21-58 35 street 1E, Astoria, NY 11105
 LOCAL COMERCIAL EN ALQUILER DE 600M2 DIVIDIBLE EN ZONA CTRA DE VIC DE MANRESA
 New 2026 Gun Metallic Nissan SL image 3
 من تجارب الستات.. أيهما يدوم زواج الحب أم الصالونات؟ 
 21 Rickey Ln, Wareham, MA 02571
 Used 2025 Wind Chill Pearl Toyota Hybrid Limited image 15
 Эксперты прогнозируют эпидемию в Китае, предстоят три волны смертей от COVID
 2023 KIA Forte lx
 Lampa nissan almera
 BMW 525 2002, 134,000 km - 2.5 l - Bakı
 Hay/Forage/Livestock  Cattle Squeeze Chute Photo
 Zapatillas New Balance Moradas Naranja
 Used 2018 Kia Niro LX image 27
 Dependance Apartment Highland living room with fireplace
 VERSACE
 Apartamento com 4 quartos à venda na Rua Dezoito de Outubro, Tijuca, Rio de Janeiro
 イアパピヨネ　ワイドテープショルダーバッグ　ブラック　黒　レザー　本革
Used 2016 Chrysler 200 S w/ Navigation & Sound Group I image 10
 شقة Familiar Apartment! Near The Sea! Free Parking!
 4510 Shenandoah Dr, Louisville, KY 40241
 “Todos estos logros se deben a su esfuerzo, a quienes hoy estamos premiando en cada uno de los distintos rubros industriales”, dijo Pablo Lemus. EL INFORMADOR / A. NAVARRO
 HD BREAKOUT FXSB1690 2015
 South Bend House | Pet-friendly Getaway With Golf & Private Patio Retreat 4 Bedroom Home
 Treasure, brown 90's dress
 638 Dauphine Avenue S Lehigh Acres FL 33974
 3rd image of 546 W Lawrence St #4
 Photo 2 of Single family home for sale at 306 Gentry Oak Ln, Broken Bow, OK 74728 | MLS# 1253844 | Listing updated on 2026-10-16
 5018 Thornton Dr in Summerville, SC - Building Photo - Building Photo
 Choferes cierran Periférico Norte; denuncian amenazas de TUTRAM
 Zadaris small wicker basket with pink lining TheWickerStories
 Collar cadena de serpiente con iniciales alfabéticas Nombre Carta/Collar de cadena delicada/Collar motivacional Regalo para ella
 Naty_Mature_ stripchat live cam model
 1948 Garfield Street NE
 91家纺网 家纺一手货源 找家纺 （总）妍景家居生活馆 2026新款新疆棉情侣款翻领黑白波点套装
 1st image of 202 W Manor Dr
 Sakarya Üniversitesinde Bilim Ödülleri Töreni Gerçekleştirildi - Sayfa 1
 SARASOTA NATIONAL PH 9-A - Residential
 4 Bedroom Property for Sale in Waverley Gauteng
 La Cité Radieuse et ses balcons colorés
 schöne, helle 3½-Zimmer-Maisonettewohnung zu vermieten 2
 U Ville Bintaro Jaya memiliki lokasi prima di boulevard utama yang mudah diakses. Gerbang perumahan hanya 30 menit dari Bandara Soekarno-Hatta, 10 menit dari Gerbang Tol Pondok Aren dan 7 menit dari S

+ + +

> _Work to complete_:
An exact, complete copy of the lines above from the one with "LOCAL COMERCIAL EN" through the one with "schöne, helle 3½-Zimmer-Maisonettewohnung" is the whole answer.

> _Exercise output_:
 LOCAL COMERCIAL EN ALQUILER DE 600M2 DIVIDIBLE EN ZONA CTRA DE VIC DE MANRESA
 New 2026 Gun Metallic Nissan SL image 3
 من تجارب الستات.. أيهما يدوم زواج الحب أم الصالونات؟ 
 21 Rickey Ln, Wareham, MA 02571
 Used 2025 Wind Chill Pearl Toyota Hybrid Limited image 15
 Эксперты прогнозируют эпидемию в Китае, предстоят три волны смертей от COVID
 2023 KIA Forte lx
 Lampa nissan almera
 BMW 525 2002, 134,000 km - 2.5 l - Bakı
 Hay/Forage/Livestock  Cattle Squeeze Chute Photo
 Zapatillas New Balance Moradas Naranja
 Used 2018 Kia Niro LX image 27
 Dependance Apartment Highland living room with fireplace
 VERSACE
 Apartamento com 4 quartos à venda na Rua Dezoito de Outubro, Tijuca, Rio de Janeiro
 イアパピヨネ　ワイドテープショルダーバッグ　ブラック　黒　レザー　本革
Used 2016 Chrysler 200 S w/ Navigation & Sound Group I image 10
 شقة Familiar Apartment! Near The Sea! Free Parking!
 4510 Shenandoah Dr, Louisville, KY 40241
 “Todos estos logros se deben a su esfuerzo, a quienes hoy estamos premiando en cada uno de los distintos rubros industriales”, dijo Pablo Lemus. EL INFORMADOR / A. NAVARRO
 HD BREAKOUT FXSB1690 2015
 South Bend House | Pet-friendly Getaway With Golf & Private Patio Retreat 4 Bedroom Home
 Treasure, brown 90's dress
 638 Dauphine Avenue S Lehigh Acres FL 33974
 3rd image of 546 W Lawrence St #4
 Photo 2 of Single family home for sale at 306 Gentry Oak Ln, Broken Bow, OK 74728 | MLS# 1253844 | Listing updated on 2026-10-16
 5018 Thornton Dr in Summerville, SC - Building Photo - Building Photo
 Choferes cierran Periférico Norte; denuncian amenazas de TUTRAM
 Zadaris small wicker basket with pink lining TheWickerStories
 Collar cadena de serpiente con iniciales alfabéticas Nombre Carta/Collar de cadena delicada/Collar motivacional Regalo para ella
 Naty_Mature_ stripchat live cam model
 1948 Garfield Street NE
 91家纺网 家纺一手货源 找家纺 （总）妍景家居生活馆 2026新款新疆棉情侣款翻领黑白波点套装
 1st image of 202 W Manor Dr
 Sakarya Üniversitesinde Bilim Ödülleri Töreni Gerçekleştirildi - Sayfa 1
 SARASOTA NATIONAL PH 9-A - Residential
 4 Bedroom Property for Sale in Waverley Gauteng
 La Cité Radieuse et ses balcons colorés
 schöne, helle 3½-Zimmer-Maisonettewohnung zu vermieten 2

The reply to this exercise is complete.